EXERCISE DETAILS
The answer must repeat every record exactly, with all pictures omitted.

***** EXTRACTED DATA

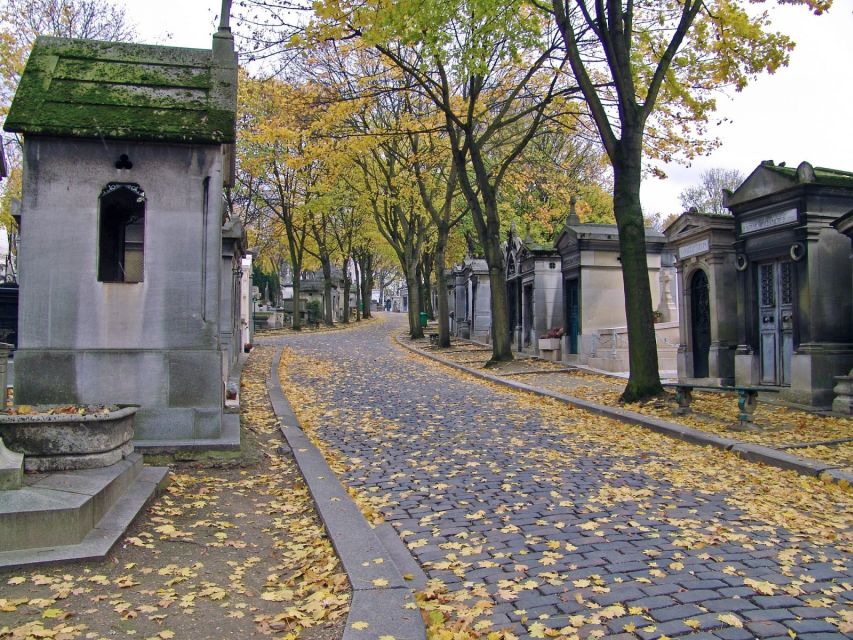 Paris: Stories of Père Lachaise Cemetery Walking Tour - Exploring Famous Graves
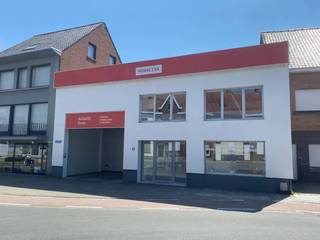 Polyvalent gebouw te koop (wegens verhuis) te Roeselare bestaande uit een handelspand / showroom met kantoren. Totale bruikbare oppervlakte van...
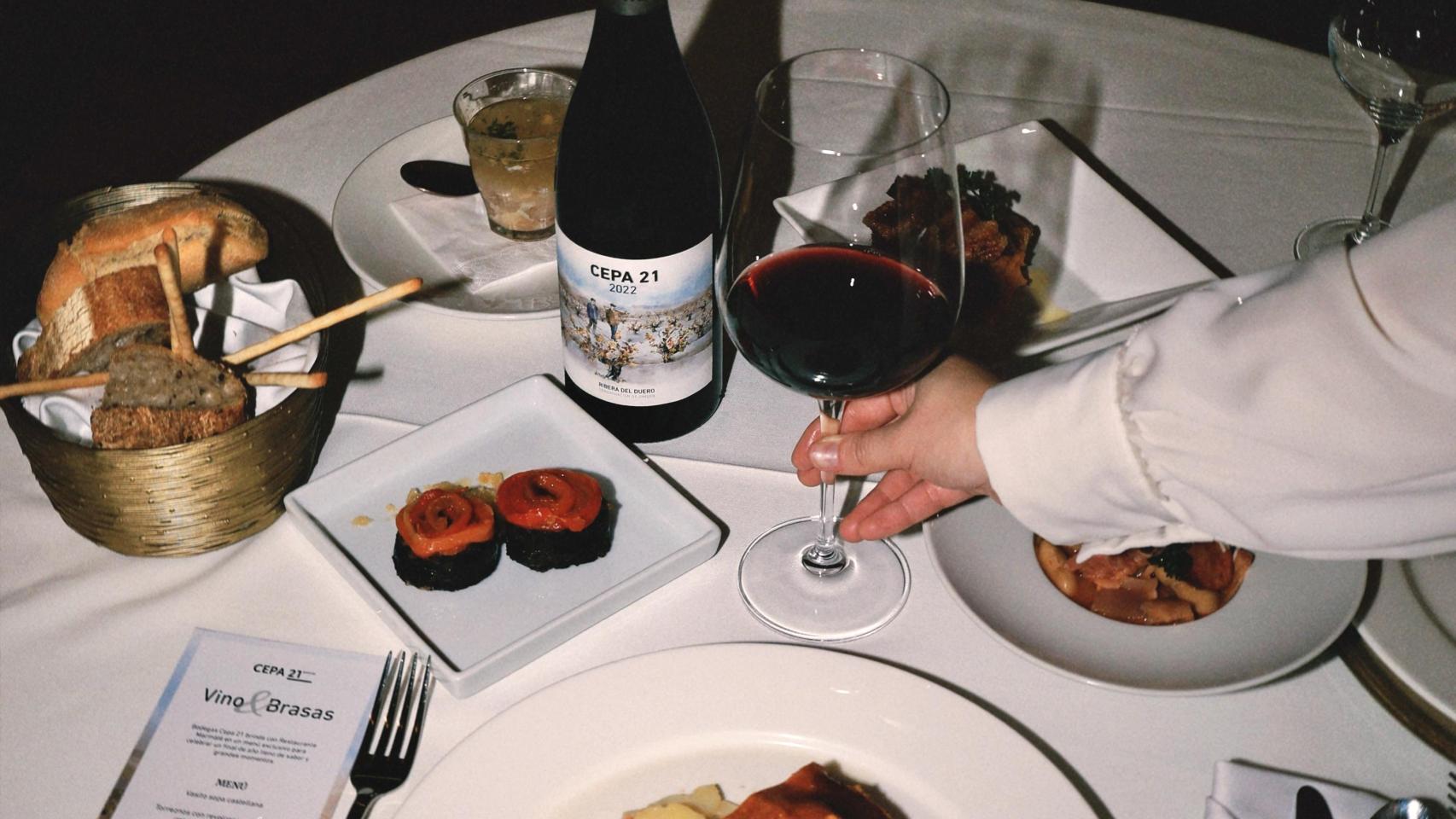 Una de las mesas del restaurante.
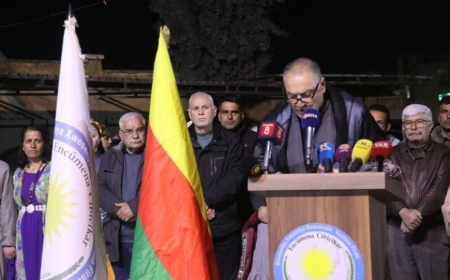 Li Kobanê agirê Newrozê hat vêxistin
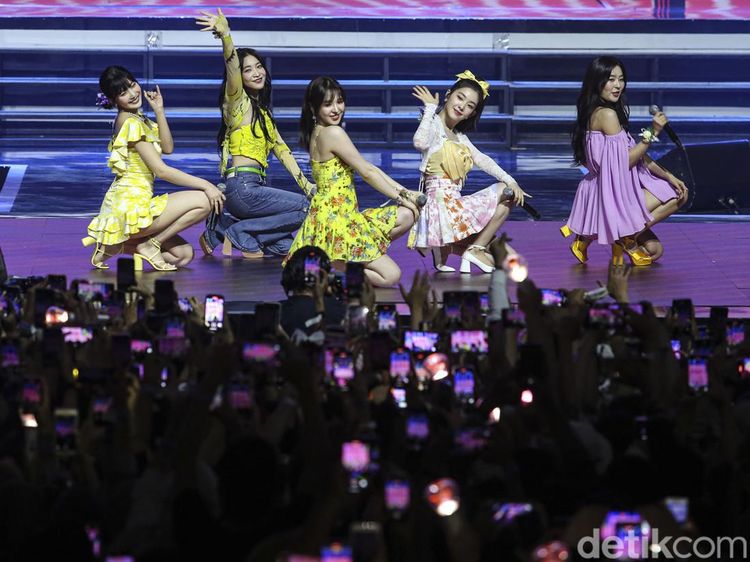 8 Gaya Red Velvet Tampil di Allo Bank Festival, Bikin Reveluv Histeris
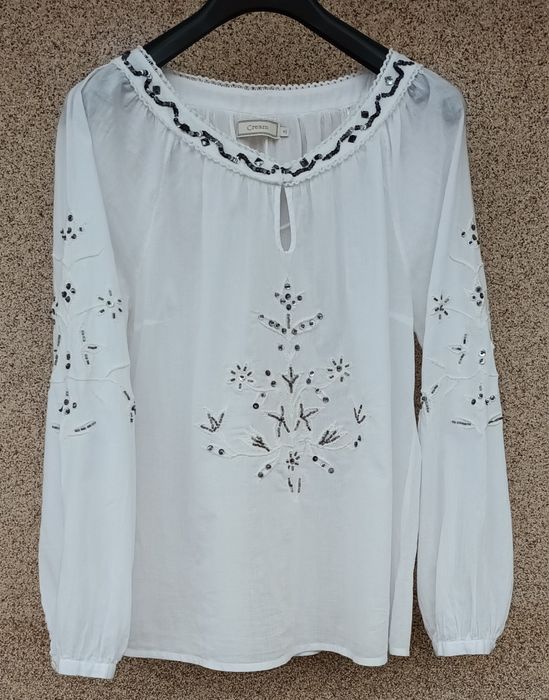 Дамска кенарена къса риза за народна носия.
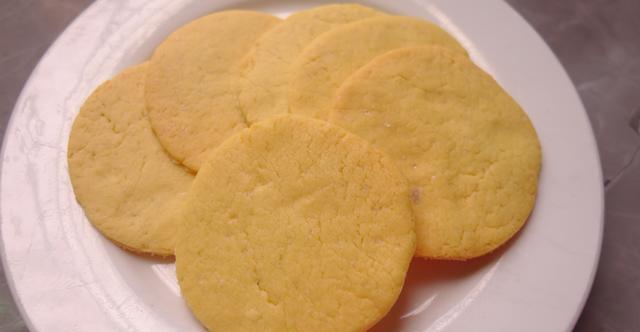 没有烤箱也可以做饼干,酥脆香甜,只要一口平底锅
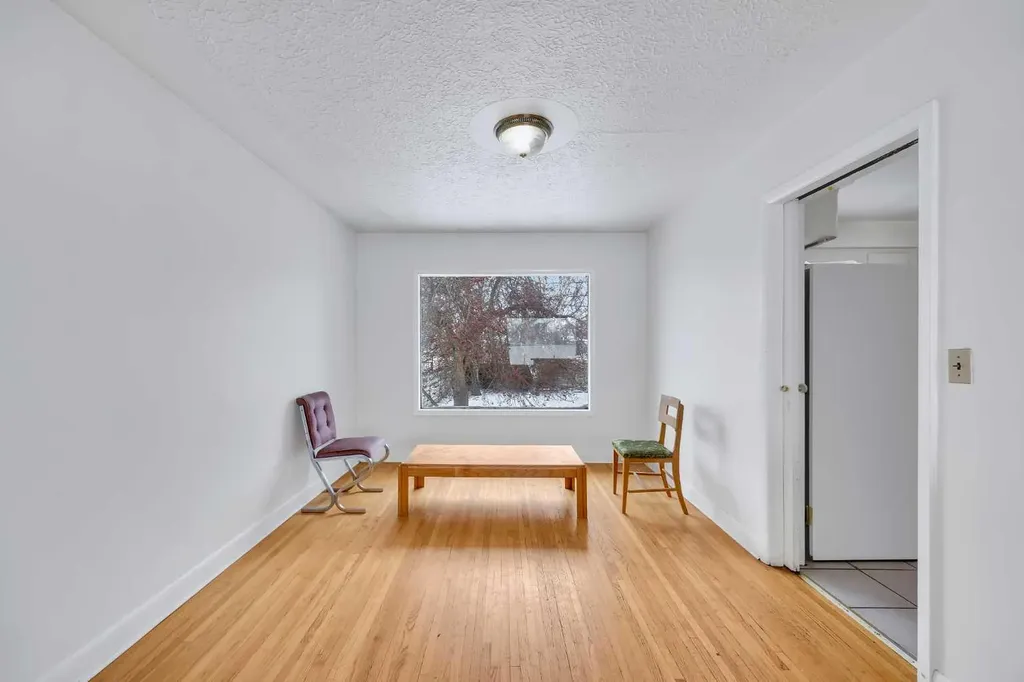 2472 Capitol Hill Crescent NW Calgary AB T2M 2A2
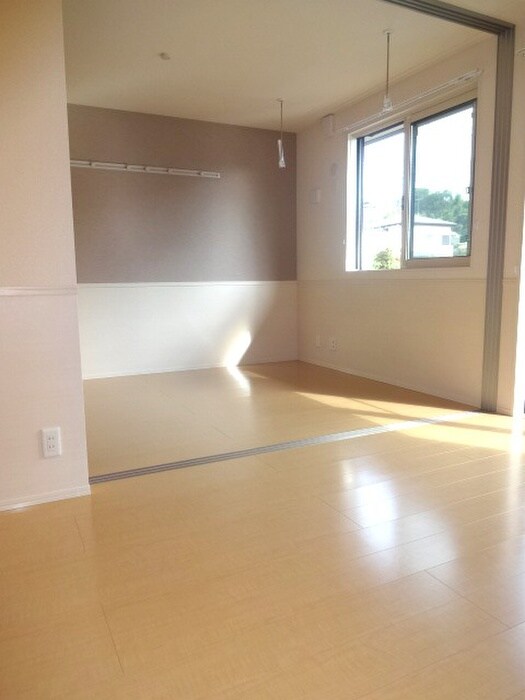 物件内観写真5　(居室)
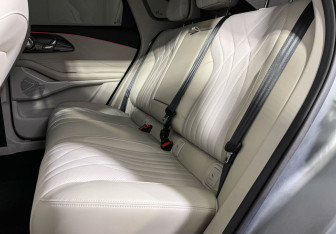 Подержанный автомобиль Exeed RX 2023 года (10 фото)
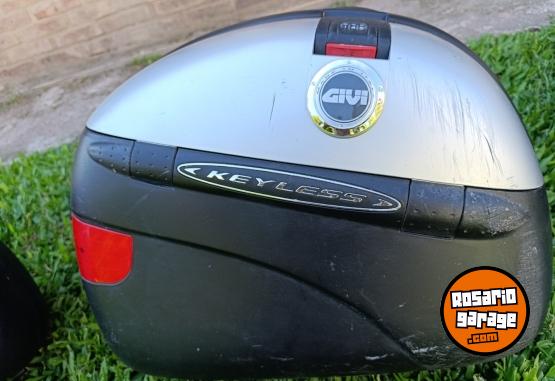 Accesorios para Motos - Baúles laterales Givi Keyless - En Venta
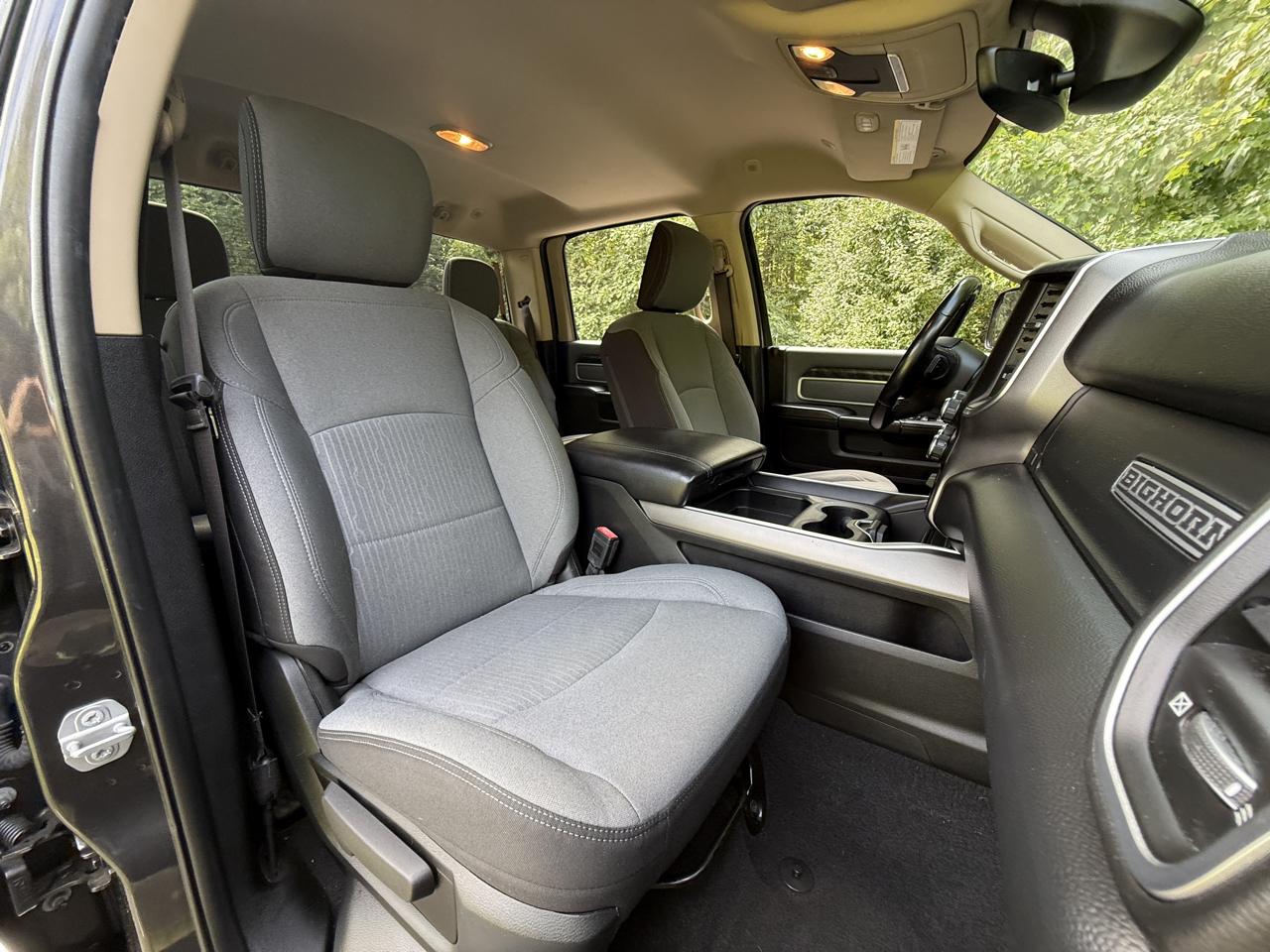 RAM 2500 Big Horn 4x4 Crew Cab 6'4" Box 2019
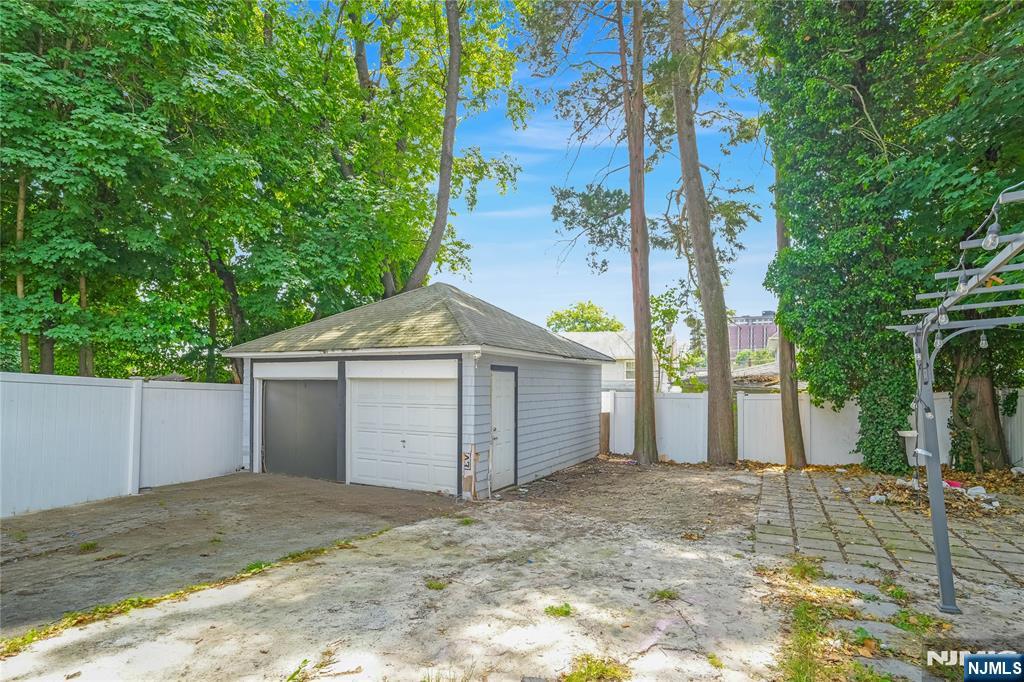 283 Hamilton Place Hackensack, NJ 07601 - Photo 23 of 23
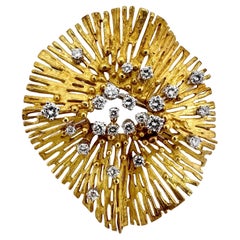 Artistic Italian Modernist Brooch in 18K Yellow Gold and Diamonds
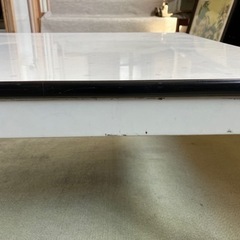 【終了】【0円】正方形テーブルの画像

**********

ANSWER SPACE
 Paris: Stories of Père Lachaise Cemetery Walking Tour - Exploring Famous Graves
 Polyvalent gebouw te koop (wegens verhuis) te Roeselare bestaande uit een handelspand / showroom met kantoren. Totale bruikbare oppervlakte van...
 Una de las mesas del restaurante.
 Li Kobanê agirê Newrozê hat vêxistin
 8 Gaya Red Velvet Tampil di Allo Bank Festival, Bikin Reveluv Histeris
 Дамска кенарена къса риза за народна носия.
 没有烤箱也可以做饼干,酥脆香甜,只要一口平底锅
 2472 Capitol Hill Crescent NW Calgary AB T2M 2A2
 物件内観写真5　(居室)
 Подержанный автомобиль Exeed RX 2023 года (10 фото)
 Accesorios para Motos - Baúles laterales Givi Keyless - En Venta
 RAM 2500 Big Horn 4x4 Crew Cab 6'4" Box 2019
 283 Hamilton Place Hackensack, NJ 07601 - Photo 23 of 23
 Artistic Italian Modernist Brooch in 18K Yellow Gold and Diamonds
 【終了】【0円】正方形テーブルの画像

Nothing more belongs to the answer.